▶ [TASK INSTRUCTIONS] Go to the line in the entries below that holds "Image No.36-4 Bed House for sale" and repeat exactly from there through the line that holds "Xát khu công", inclusive.

**** STORED DATA ****

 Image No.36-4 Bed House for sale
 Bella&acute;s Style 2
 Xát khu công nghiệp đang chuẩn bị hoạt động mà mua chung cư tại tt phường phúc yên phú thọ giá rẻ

****
**** STORED DATA ****

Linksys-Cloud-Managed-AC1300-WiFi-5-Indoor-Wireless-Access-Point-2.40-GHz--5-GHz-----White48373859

****
**** STORED DATA ****

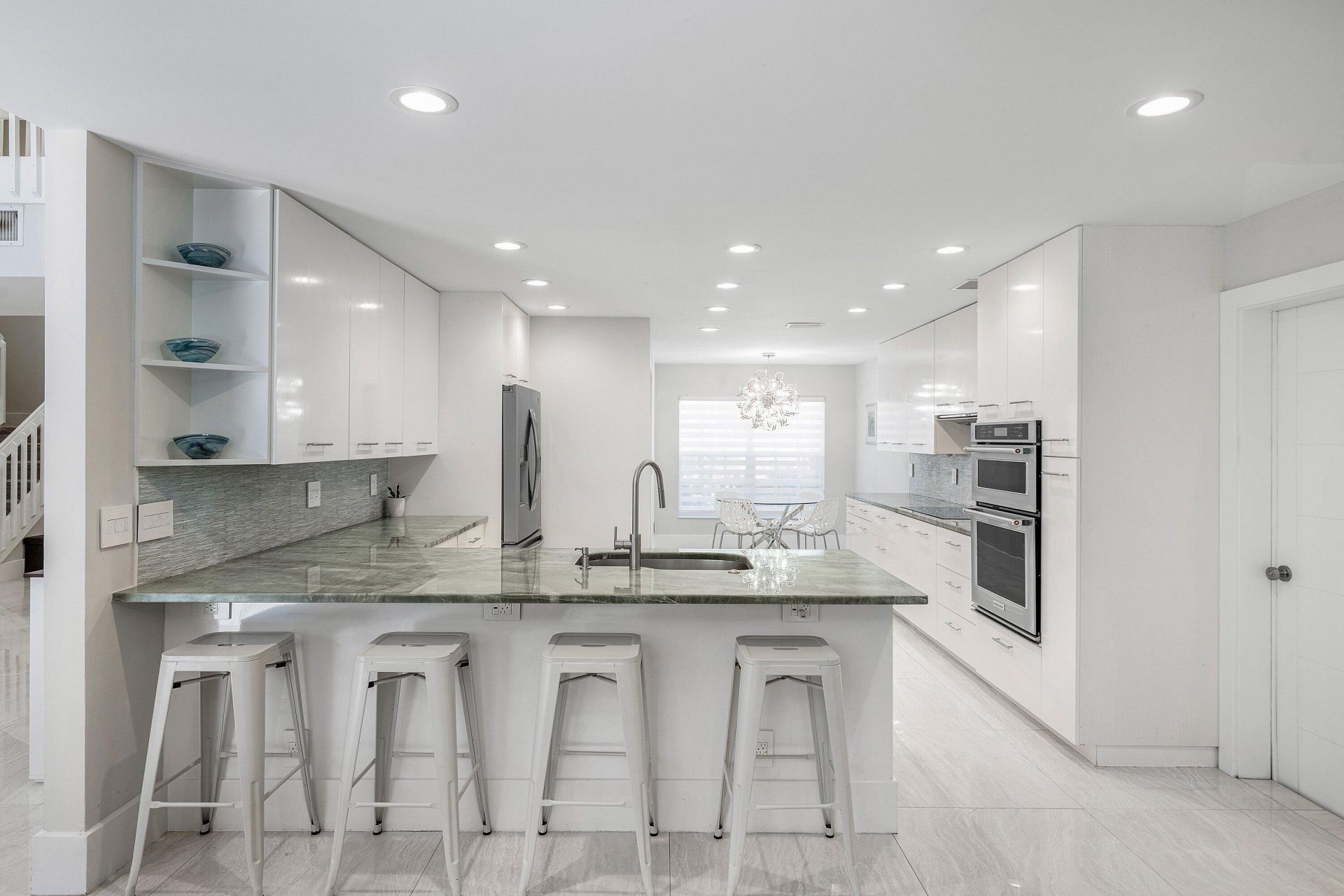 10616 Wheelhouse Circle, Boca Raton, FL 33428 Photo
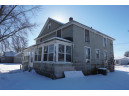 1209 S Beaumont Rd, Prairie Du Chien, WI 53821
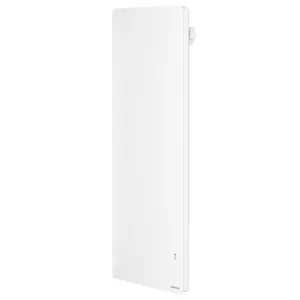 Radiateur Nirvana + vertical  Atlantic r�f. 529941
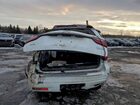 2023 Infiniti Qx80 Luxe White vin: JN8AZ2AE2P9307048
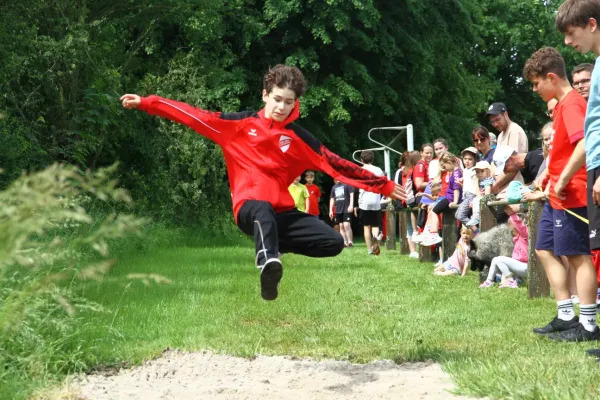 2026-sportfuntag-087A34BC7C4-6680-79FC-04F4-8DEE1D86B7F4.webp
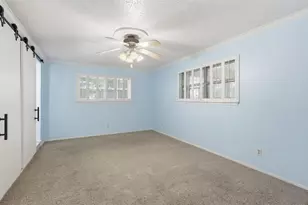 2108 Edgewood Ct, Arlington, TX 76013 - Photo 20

****

▶ [WRITTEN RESPONSE]
 Image No.36-4 Bed House for sale
 Bella&acute;s Style 2
 Xát khu công nghiệp đang chuẩn bị hoạt động mà mua chung cư tại tt phường phúc yên phú thọ giá rẻ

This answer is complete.